Beta Abraham

Total population
- 150,000

Regions with significant populations
- Ethiopia 150,000

Languages
- Historical Jewish language Agaw (Kayla) Liturgical language Ge'ez Predominant spoken language Amharic

Religion
- Crypto-Judaism · Oriental Orthodox Christianity · Judaism

Related ethnic groups
- Beta Israel · Amhara

= Beta Abraham =

Crypto-Jewish offshoot of the Beta Israel community

Beta Abraham Ge'ez: Bēta Abreham, "House of Abraham")—other terms by which the community have been known include Tebiban ("possessor of secret knowledge"), Balla Ejj (Ge'ez: "Craftsmens"), Buda (Ge'ez: "evil eye") and Kayla (the Agaw language spoken by them),—is a community regarded by some as a crypto-Jewish offshoot of the Beta Israel community. The size of the community is estimated to be somewhere upwards of 150,000 in number.
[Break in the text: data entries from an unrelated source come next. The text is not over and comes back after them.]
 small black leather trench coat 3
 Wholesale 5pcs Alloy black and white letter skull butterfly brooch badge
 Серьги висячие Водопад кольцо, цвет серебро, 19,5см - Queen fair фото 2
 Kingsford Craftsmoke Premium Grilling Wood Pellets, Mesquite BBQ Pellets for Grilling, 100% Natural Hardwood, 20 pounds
This community is concentrated mainly in the Northern Shewa Zone in the Amhara Region in Ethiopia.

The earliest reference to the Jewish community in the historical region of Shewa comes from the 14th century missionary Zena Marqos. More Jews arrived in the region of Shewa from the regions of Fogera and Dembiya during the rule of Negasi Krestos and as a result a first wave of Jewish immigration began in the years 1692-1702.
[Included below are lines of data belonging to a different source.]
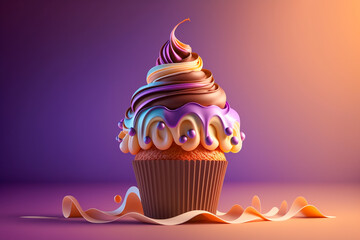 Tasty 3d cupcake. Super photo realistic background, generative ai illustration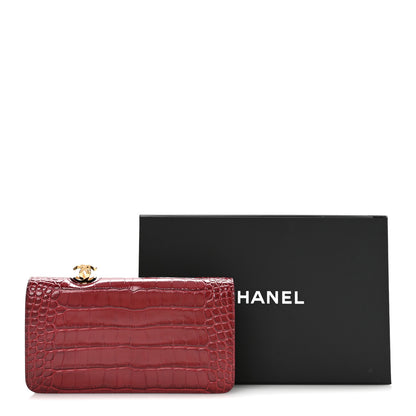 Chanel Calfskin Crocodile Embossed Clutch Burgundy 8 of 8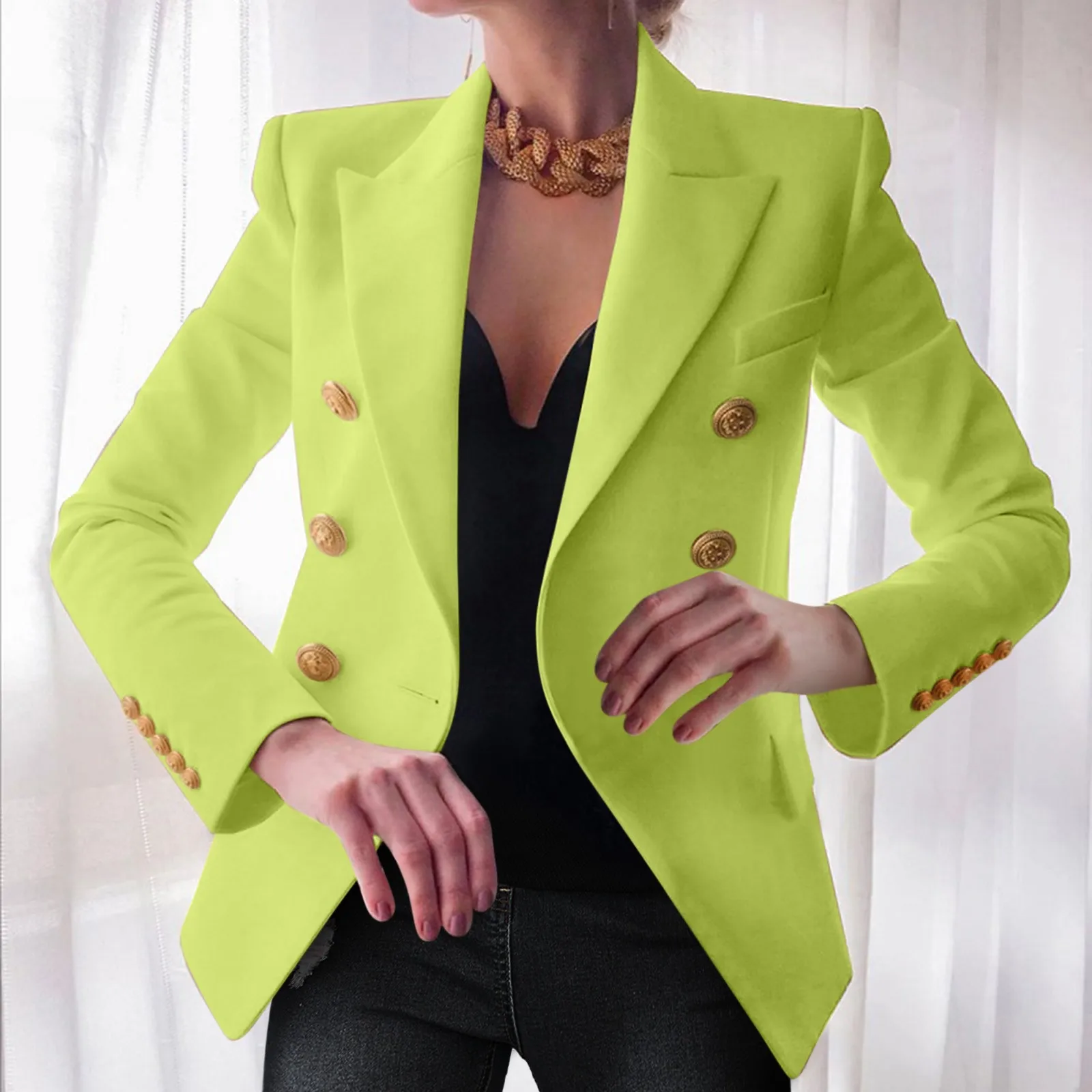 Women Blazers Jacket 2022 Spring Autumn Solid Button Suit Jacket Coat Outwear Elegant Business Work Office Lady Oversize Clothes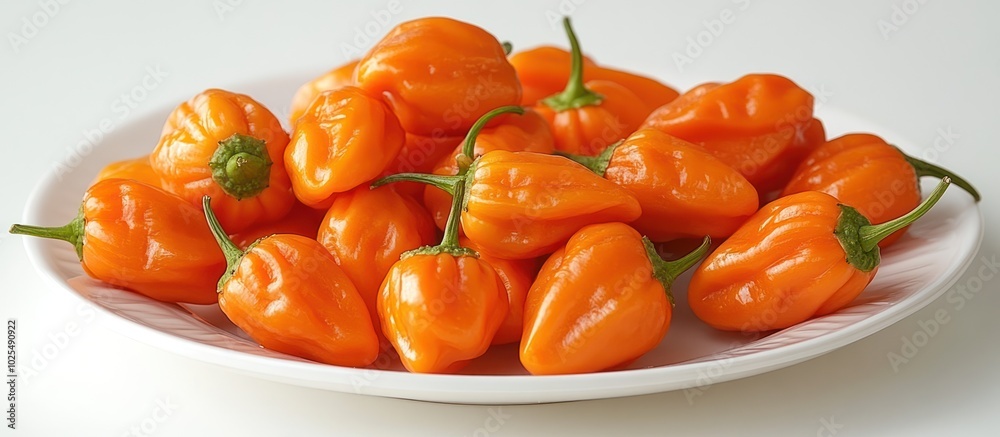 Wall mural A white plate piled high with bright orange habanero peppers.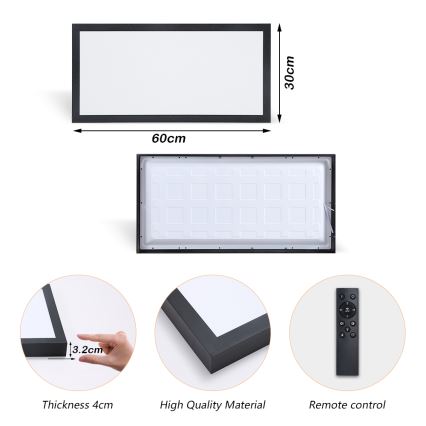 Brilagi - LED dimbar badrumsarmatur FRAME SMART LED/30W/230V 30x60 cm 3000-6000K  IP44 svart  + fjärrkontroll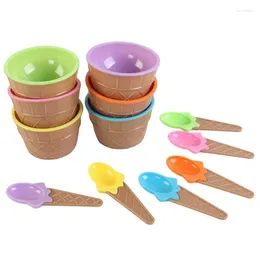 Bowls Potato Mash Auxiliary Kids Dishes Ice Cream Spoons Safe Tableware Bowl Tart Style Dinnerware Colorful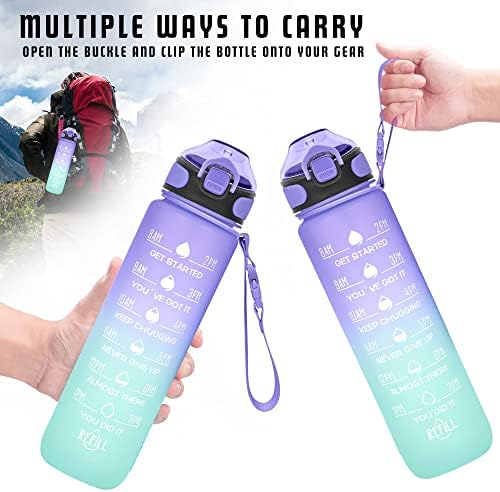 32 oz Drinking Water Bottle with Times to Drink and Straw, Motivational with Carrying Strap, Leakproof BPA & Toxic Free, Ensure You Drink Enough Water for Fitness Gym Outdoor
Negasi's grandson, the Meridazmach Abuye fought the forces of emperor Iyasu II, and later on held many of the emperor's soldiers in captivity. Eventually Abuye released some prisoners and appointed them to senior positions in the monarchy. Following this, a second Jewish migration wave began in 1730-1745, which was mainly prompted by the Jews' will to improve their living conditions.

There are quite a few surviving reports about the existence of a Jewish community in the Shewa region in the 19th century. In 1839 the European missionary Charles Isenberg toured Shewa's capital Ankober and reported that there were Jews around the capital of Shewa and that they were the descendants of those who emigrated from the Fogera region in the Begemder province to Shewa. Isenberg also mentioned that when he spoke with an Ethiopian missionary from the Ethiopian Church on 17 October 1839 he reported that several Jews integrated in the village and converted to Christianity. This came after another by the British traveler Charles Johnson in 1842 that stated that the Jews' economic situation was better off than their Christian neighbors and that they were more skilled and described them as successful merchants. In 1908 Dr. Jacques Faitlovitch reported that there are Jews in Shewa who are referred to by the derogatory name Buda by their neighbors.